Section 36.   Transfers.

(a)  Transfers of record of shares of stock of the corporation shall be made only upon its books by the holders thereof, in person or by attorney duly authorized, and upon the surrender of a properly endorsed certificate or certificates for a like number of shares.

(b)  The corporation shall have power to enter into and perform any agreement with any number of stockholders of any one or more classes of stock of the corporation to restrict the transfer of shares of stock of the corporation of any one or more classes owned by such stockholders in any manner not prohibited by the DGCL.

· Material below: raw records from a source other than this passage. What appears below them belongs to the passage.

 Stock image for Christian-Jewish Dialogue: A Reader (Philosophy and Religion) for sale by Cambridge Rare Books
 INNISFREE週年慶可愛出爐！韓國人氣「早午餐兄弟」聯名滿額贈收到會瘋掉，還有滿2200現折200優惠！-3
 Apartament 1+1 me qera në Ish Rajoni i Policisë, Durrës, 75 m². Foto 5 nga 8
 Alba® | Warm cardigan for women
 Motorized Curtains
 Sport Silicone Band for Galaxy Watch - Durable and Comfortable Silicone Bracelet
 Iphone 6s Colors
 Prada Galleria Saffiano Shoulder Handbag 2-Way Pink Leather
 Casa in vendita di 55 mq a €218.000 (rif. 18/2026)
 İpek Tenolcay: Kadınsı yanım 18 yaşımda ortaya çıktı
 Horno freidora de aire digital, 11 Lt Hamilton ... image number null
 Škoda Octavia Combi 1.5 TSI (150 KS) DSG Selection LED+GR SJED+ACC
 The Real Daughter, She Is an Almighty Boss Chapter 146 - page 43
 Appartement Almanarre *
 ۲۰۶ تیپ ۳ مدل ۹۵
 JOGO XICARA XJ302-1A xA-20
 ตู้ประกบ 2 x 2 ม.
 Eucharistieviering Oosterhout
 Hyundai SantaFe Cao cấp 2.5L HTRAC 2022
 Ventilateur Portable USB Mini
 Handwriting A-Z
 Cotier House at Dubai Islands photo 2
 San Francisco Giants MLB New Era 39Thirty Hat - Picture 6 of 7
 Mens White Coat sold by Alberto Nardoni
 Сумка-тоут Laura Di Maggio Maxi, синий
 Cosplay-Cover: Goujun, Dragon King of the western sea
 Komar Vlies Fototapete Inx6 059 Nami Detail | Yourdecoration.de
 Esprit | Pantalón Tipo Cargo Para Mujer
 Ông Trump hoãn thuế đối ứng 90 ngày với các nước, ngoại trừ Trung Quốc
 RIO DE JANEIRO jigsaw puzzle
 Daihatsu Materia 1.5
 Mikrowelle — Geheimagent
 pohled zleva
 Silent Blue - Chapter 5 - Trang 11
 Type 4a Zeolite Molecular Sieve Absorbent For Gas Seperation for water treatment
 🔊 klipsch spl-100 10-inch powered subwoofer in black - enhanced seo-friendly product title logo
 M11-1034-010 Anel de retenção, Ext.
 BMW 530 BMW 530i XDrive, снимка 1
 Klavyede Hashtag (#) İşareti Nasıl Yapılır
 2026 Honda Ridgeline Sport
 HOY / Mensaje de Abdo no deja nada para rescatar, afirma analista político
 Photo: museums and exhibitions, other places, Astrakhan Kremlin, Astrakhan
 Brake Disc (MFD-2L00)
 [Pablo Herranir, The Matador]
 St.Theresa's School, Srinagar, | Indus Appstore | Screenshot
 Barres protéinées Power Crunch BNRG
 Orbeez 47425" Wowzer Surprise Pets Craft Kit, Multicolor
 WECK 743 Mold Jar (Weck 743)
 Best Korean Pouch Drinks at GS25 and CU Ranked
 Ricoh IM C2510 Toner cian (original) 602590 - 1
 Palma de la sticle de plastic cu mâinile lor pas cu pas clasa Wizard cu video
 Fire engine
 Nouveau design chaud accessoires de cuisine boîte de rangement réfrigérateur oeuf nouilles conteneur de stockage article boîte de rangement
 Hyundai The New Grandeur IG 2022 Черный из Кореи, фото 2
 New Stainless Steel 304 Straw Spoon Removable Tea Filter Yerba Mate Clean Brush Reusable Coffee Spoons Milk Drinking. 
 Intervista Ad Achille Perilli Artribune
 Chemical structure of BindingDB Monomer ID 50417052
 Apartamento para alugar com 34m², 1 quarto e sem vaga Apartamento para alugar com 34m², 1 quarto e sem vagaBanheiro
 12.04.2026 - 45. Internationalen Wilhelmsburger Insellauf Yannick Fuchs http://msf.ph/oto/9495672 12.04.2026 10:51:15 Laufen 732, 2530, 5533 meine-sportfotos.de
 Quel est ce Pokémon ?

Section 37.   Fixing Record Dates.

(a)  In order that the corporation may determine the stockholders entitled to notice of or to vote at any meeting of stockholders or any adjournment thereof, the Board of Directors may fix, in advance, a record date, which record date shall not precede the date upon which the resolution fixing the record date is adopted by the Board of Directors, and which record date shall, subject to applicable law, not be more than sixty (60) nor less than ten (10) days before the date of such meeting. If no record date is fixed by the Board of Directors, the record date for determining stockholders entitled to notice of or to vote at a meeting of stockholders shall be at the close of business on the day next preceding the day on which notice is given, or if notice is waived, at the close of business on the day next preceding the day on which the meeting is held. A determination of stockholders of record entitled to notice of or to vote at a meeting of stockholders shall apply to any adjournment of the meeting; provided, however, that the Board of Directors may fix a new record date for the adjourned meeting.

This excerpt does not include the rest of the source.